Skip to content

Fix rank mismatch in MaxText synthetic data sharding#4122

Open
lukebaumann wants to merge 1 commit into
AI-Hypercomputer:mainfrom
lukebaumann:fix-synthetic-sharding
Open

Fix rank mismatch in MaxText synthetic data sharding#4122
lukebaumann wants to merge 1 commit into
AI-Hypercomputer:mainfrom
lukebaumann:fix-synthetic-sharding

Conversation

@lukebaumann

@lukebaumann lukebaumann commented Jun 9, 2026

Copy link
Copy Markdown
Collaborator

Description

This PR fixes a rank mismatch issue in MaxText synthetic data sharding during data loading.

Root Cause

SyntheticDataIterator was using the legacy config.data_sharding which resolved to a 1D sharding spec P(('data', 'fsdp')) (after filtering).
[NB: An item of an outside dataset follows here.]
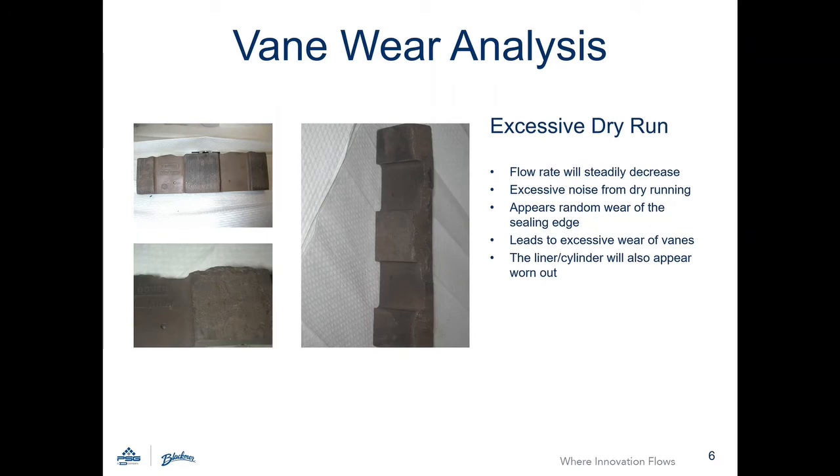Vanes will appear to have random wear across the leading edge and trailing edge when exposed to excessive dry run in an application. The liner and cylinder will also appear to be worn out.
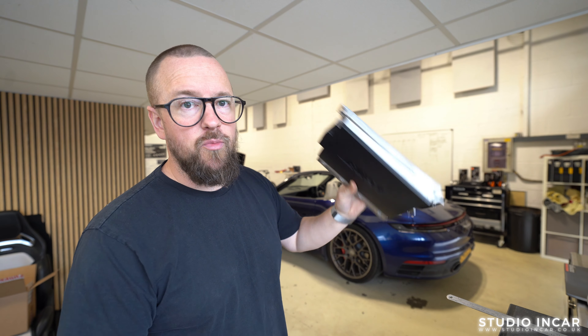This is Philip's 992 911 Carrera S Cabriolet — full Bose ripout, full system upgrade. Let's take a look.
When applied to 2D output tensors of shape (batch, seq), JAX sharding validation failed with AssertionError: (1, 2) (rank mismatch) on JAX builds that strictly enforce this check.

Solution

Modified SyntheticDataIterator to use sharding.get_input_data_sharding(config, mesh). This helper uses config.input_data_sharding_logical_axes which correctly resolves to a 2D sharding spec P(('data', 'fsdp'), None), matching the rank of the output tensors.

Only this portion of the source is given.